Recorded information START

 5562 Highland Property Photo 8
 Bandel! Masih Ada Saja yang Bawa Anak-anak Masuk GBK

Recorded information END
Recorded information START

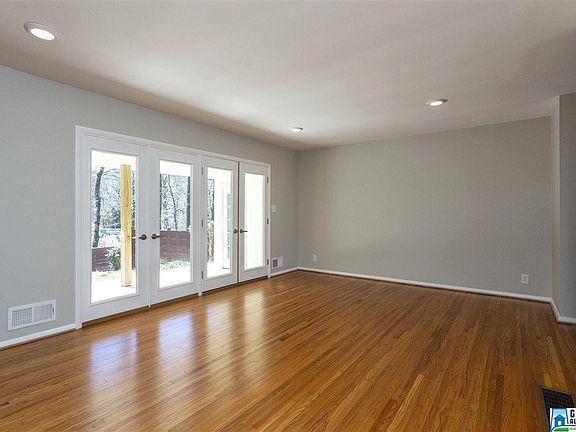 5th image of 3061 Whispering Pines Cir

Recorded information END
Recorded information START

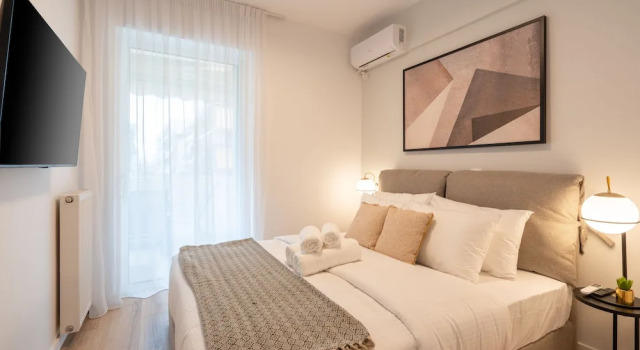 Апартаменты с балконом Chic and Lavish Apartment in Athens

Recorded information END

Reproduce exactly the lines of the records above from the one with "5562 Highland Property Photo 8" to the one with "Bandel! Masih Ada", both included, and leave out everything else.

**Solution**
 5562 Highland Property Photo 8
 Bandel! Masih Ada Saja yang Bawa Anak-anak Masuk GBK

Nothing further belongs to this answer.